La gran mortandad de pájaros –por el frío y la consecuente escasez de alimentos– hizo que proliferaran insectos de toda laya, especialmente orugas, pulgones, tábanos, moscas y langostas, causando estragos en la agricultura. En diciembre de 1918, toda la producción hortícola y frutal fue destruida. Los meses siguientes fueron calamitosos, y recién en 1920 las cosas parecieron mejorar.

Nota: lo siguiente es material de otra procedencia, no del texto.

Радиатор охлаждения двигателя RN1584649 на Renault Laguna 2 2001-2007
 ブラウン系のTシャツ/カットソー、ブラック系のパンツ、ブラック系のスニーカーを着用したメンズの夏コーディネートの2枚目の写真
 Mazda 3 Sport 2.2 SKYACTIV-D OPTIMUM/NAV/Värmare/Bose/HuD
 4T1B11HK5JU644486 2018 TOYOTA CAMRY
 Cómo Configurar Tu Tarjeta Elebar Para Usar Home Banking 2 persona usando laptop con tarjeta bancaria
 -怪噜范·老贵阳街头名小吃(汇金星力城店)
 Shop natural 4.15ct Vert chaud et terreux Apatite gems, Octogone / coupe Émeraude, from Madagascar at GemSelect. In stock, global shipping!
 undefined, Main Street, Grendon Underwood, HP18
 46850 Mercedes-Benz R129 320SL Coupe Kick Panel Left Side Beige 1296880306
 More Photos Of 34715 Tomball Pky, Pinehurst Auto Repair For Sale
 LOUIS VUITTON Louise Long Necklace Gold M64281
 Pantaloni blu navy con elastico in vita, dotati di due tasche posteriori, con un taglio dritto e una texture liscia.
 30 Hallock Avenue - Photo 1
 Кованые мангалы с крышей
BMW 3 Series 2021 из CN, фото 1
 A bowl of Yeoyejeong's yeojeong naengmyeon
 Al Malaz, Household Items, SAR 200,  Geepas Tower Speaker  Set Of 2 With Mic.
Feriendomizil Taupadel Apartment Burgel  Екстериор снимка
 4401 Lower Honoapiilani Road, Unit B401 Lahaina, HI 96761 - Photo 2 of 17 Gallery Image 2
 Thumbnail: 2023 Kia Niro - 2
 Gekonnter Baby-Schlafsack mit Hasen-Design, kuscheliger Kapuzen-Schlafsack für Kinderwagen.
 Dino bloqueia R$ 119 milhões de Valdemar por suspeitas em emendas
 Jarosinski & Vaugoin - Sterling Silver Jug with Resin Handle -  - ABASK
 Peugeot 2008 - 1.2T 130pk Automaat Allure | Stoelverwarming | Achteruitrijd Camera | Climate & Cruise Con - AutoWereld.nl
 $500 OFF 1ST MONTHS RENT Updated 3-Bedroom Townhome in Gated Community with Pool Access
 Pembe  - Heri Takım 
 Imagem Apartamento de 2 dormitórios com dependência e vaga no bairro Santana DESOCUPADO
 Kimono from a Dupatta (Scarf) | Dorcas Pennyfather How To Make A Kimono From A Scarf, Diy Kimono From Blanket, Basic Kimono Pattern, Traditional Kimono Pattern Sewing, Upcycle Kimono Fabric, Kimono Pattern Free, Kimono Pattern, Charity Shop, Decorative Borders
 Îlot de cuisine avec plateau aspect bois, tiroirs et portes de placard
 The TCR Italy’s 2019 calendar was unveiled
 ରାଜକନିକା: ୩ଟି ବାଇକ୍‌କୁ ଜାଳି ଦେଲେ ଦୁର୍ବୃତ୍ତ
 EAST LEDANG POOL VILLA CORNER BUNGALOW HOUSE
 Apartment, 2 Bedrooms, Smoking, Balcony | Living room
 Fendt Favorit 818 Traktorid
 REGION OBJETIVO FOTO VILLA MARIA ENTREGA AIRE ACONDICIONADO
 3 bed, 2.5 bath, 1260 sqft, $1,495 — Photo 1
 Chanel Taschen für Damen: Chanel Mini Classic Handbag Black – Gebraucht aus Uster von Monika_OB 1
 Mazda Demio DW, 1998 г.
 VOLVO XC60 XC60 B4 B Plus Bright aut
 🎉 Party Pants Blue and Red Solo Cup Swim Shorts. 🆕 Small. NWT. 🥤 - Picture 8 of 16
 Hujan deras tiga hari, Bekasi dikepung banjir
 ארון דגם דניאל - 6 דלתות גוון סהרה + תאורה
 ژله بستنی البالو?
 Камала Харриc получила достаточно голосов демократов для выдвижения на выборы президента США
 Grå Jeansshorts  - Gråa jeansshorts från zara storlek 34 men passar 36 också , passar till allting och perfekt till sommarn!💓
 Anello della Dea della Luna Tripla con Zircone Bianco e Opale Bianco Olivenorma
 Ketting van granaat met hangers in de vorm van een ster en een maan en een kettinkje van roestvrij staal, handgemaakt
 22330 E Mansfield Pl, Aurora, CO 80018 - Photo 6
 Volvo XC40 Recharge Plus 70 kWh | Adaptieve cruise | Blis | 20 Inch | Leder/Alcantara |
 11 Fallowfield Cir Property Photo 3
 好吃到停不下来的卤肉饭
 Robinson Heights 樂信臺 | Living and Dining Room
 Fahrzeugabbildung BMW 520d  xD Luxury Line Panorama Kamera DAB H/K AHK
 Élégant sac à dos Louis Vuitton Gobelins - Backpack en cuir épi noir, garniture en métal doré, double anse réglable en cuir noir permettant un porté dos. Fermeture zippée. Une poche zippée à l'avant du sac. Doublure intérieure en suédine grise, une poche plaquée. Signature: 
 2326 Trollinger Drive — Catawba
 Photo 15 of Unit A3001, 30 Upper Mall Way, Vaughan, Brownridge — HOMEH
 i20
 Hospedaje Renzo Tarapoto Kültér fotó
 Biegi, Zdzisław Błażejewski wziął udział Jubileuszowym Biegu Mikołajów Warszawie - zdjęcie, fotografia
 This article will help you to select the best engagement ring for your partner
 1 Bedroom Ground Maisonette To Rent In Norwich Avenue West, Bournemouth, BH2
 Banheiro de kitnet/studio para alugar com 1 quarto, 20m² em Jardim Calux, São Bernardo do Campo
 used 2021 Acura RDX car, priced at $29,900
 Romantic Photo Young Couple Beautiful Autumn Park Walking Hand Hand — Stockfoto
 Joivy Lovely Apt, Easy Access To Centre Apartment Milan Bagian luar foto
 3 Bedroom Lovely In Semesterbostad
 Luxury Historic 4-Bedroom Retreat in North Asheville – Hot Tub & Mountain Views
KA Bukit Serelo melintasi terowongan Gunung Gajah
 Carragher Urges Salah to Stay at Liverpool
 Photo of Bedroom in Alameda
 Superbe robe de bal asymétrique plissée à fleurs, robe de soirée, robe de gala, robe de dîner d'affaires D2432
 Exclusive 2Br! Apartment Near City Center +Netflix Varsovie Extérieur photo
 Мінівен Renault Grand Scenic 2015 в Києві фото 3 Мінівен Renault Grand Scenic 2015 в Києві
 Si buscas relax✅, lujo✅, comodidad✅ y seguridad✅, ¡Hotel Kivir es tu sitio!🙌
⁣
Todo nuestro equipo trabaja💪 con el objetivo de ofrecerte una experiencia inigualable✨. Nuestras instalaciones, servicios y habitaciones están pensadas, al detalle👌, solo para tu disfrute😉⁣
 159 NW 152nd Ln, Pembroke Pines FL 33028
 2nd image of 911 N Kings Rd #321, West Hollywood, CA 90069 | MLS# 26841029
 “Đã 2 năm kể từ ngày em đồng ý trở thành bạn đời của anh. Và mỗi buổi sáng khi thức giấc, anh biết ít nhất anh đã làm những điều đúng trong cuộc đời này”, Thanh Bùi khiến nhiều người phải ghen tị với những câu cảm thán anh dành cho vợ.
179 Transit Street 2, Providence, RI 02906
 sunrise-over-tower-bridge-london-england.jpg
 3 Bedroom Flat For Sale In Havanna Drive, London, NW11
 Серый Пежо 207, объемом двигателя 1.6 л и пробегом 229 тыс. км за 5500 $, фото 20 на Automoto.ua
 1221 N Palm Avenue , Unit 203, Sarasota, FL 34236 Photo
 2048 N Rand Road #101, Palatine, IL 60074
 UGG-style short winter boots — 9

Todo este desastre se debió a la ausencia de aves, especialmente las insectívoras, que fueron las más perjudicadas debido a que los insectos, base de su alimentación, durante las heladas se refugiaron bajo tierra, quedando las aves sin comida. Una vez pasado el frío, los insectos, que se salvaron hundiéndose en la tierra o los retritus, o escondiéndose en los bosques, cuyo suelo nunca se enfría tanto como para dañarlos, volvieron y causaron los estragos mencionados.

Deporte indígena

Cuenta el antropólogo Miguel Chase Sardi que los indígenas nivaclé del Chaco practican un juego llamado c’isenjaté. Este deporte es disputado por dos equipos, generalmente compuesto por jóvenes de sexos opuestos en edad núbil.

La manera en que jugaban es clavando en dos extremos de la plaza de ceremonias cuatro estacas sobresalientes unos 30 cm del suelo, sobre las cuales se coloca una manta. Cada una de estas estacas cubiertas por mantas son defendidas por un hombre y una mujer.

En medio de la mencionada plaza forman un ruedo, colocándose frente a frente. En medio del ruedo, un pequeño palito de tres centímetros de largo por uno de diámetro. Al grito de ¡ahora!, todos se lanzan sobre el palito, llamado c’isenjaté, que tratan de tomarlos entre los dedos del pie. El que lo logra trata de correr, con el palito entre los dedos del pie hasta el “arco” contrario, sobre cuya manta lo arrojan. En su carrera, los del equipo contrario tratarán de arrebatarle el palito antes de que llegue a la meta. En caso de que no lograse, tratará de pasarlo a otro de su mismo equipo. El partido, generalmente, dura cuatro a cinco horas y termina por cansancio de los jugadores.